The new boss of Canadian yogawear specialist Lululemon stretched his legs on a trip to London for the opening of the retailer’s first UK store.
Lululemon chief executive Laurent Potdevin spent an uncomfortable first few hours in London. Fortunately it had nothing to do with the success of the yoga specialist’s first UK store opening in Covent Garden, but the advanced class he was forced to take part in at its launch late last month.
“I do it twice a week at home but I got roped into doing a class that is well above my skillset.

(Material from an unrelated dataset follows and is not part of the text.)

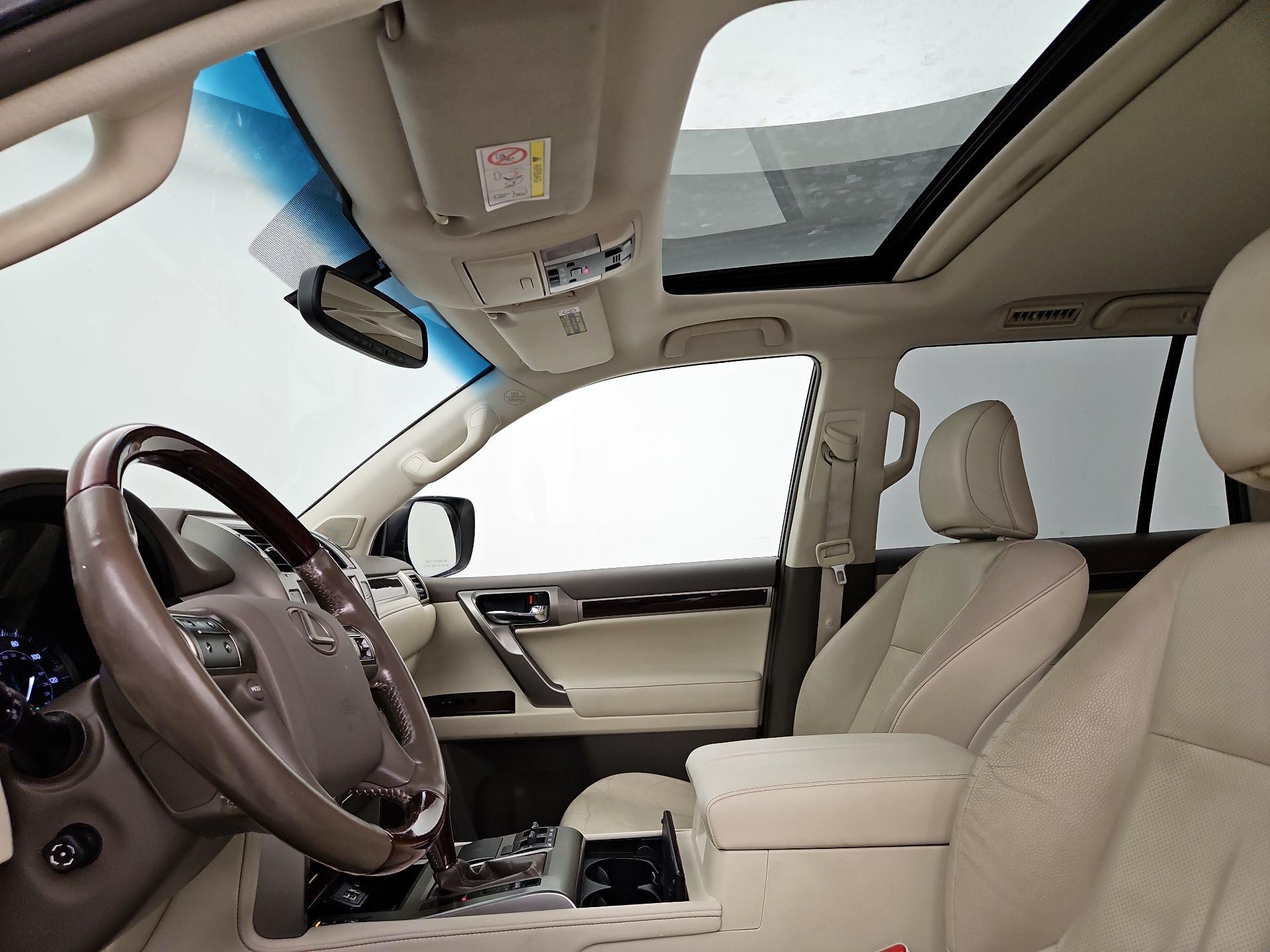 Thumbnail: 2016 Lexus GX - 20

It was a fantastic class, but I’ll go back to where I belong,” he jokes.
Potdevin, who has only been at the helm of the Canadian retailer for two months, describes his role as a “dream job”. However, he takes over at a turbulent time for the brand.

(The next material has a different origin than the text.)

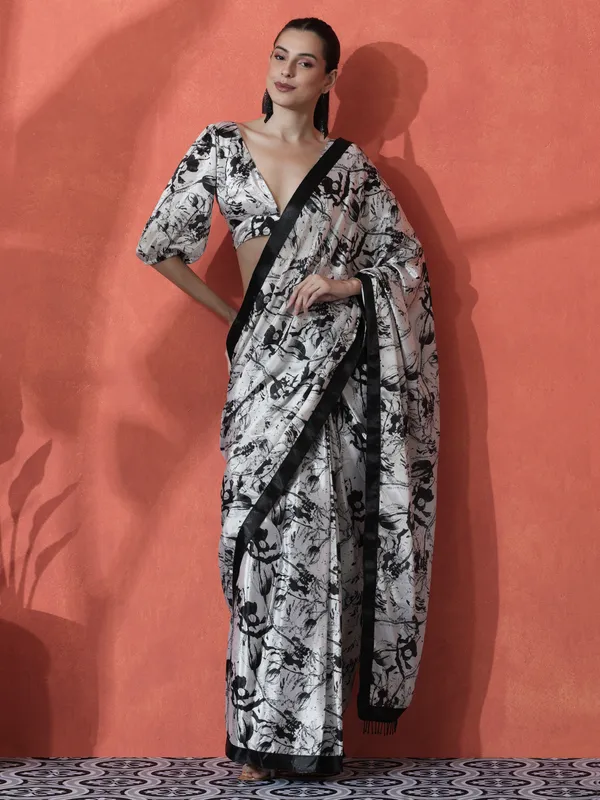 Pre-Draped_Ready_to_Wear_Chinnon_Fabric_Digital_Printed_Saree_With_Unstiched_Blouse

In March last year, Lululemon was forced to recall its famous Luon yoga pants after it was discovered they appeared see-through when worn.
The product accounted for 17% of all women’s bottoms in the retailer’s stores and the well-documented recall is understood to have cost Lululemon more than $20m (£12m). Potdevin’s predecessor Christine Day stood down in the wake of the scandal.

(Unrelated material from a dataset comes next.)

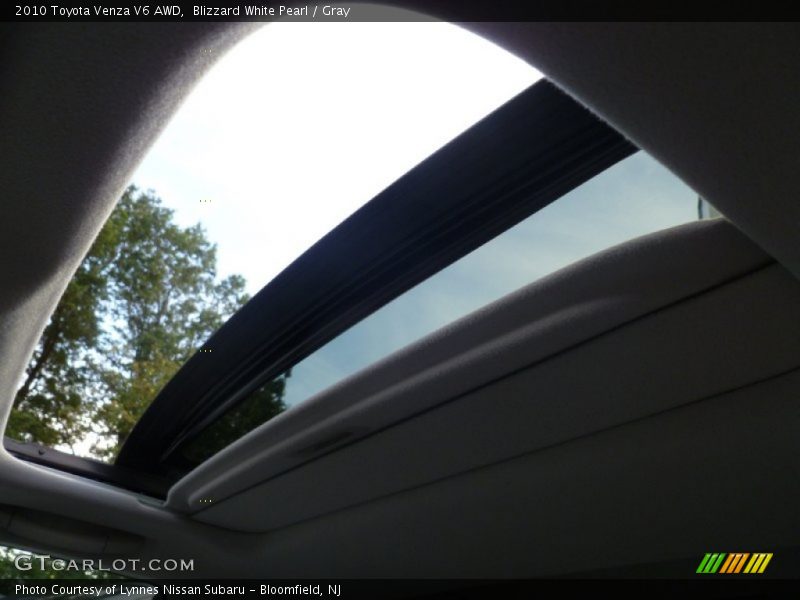 Blizzard White Pearl / Gray 2010 Toyota Venza V6 AWD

Potdevin says Lululemon is “moving forward” from the fiasco. But will the crisis leave any long-lasting damage for the retailer, which charges a premium price for its technical products?
Potdevin says: “We push innovation and, when you lead, sometimes you have a setback. We continue to innovate and bring incredible product to life.”
He believes Lululemon customers respected the way it handled the matter. “We pulled it very quickly, with very clear communication,” he says.
However, Lululemon founder Chip Wilson seemed to make matters worse in November when he appeared to blame larger ladies for the sheerness of the pants. He told Bloomberg TV: “Frankly, some women’s bodies just don’t actually work.”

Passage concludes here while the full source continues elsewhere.